Pandas df.replace with regex group

I have a column with strings such as: Posted: 1 day ago, Posted: 2 days ago. I want to convert this column to a column of dates, i.e.: datetime.date(2021, 12, 22), datetime.date(2021, 12, 21).

I tried using regex groups combined with df.replace() to achieve it in a compact operation:

df2 = df.replace({r"Posted: (\d+) days? ago": str(date.today() - timedelta(int(r"\1")))}, regex=True)

but this results in ValueError: invalid literal for int() with base 10: '\\1' error since int() evaluates its input not as a reference to the earlier regex group but as a literal string.

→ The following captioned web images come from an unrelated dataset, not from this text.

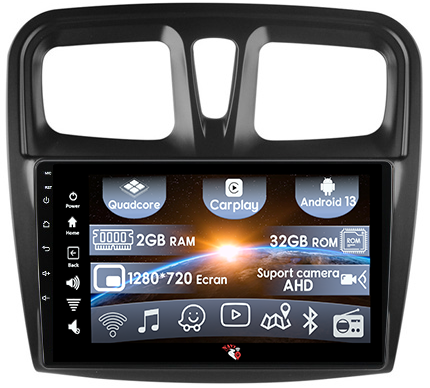 Dacia - (Resigilata) Navigatie dedicata Dacia Logan 2 Clima 2015-2021, Android 13, Wireless Carplay si Android auto 2 GB RAM 32 ROM, Display IPS, Full HD, 9 inch, Microfon Extern, Suport camere AHD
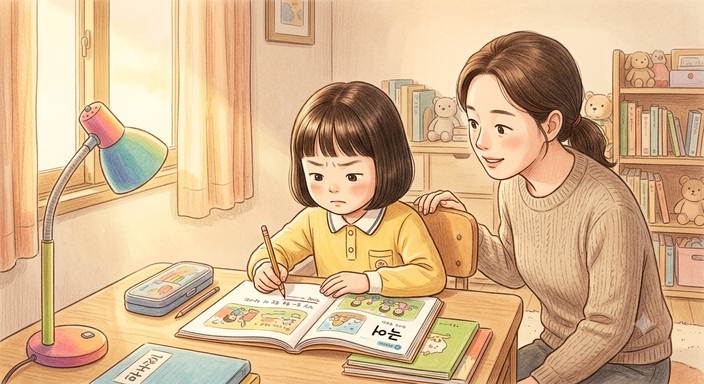 교과서에 핵심 문장 밑줄 긋는 아이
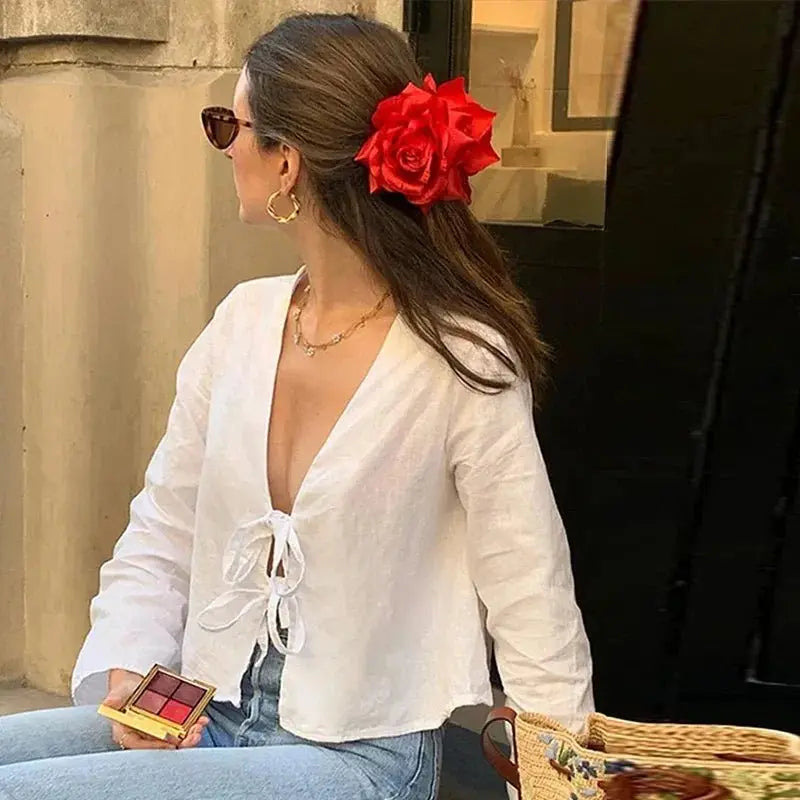 Street Lace Up Shirts Women Sexy Hollow Out V Neck Long Sleeve Femlae T-shirt - Blade & Thread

Merely just obtaining the matched pattern works fine though, either of the following two would work if I only wanted to preserve the numerical value in the column, instead of translating it to datetime objects:

df2 = df.replace({r"Posted: (\d+) days? ago": "\g<1>"}, regex=True)

df2 = df.replace({r"Posted: (\d+) days? ago": r"\1"}, regex=True)

How can I obtain the referenced regex value to pass it on to timedelta()?

Full code:

import pandas as pd
from datetime import date, timedelta

df = pd.DataFrame(
    [['Posted: 1 day ago', 'xa01332cs', 101],
     ['Posted: 2 days ago', 'd11as99101', 630],
     ['Posted: 11 days ago', '12011rww1a', 301]
    ],
    columns = ['Date', 'Code', 'Value']
)

def preprocess(df):
    
    #df2 = df.replace({r"Posted: (\d+) days? ago": "\g<1>"}, regex=True)     # this works
    #df2 = df.replace({r"Posted: (\d+) days? ago": r"\1"}, regex=True)       # this works identically to previous row
    df2 = df.replace({r"Posted: (\d+) days? ago": str(date.today() - timedelta(int(r"\1")))}, regex=True)
    return df2

preprocess(df)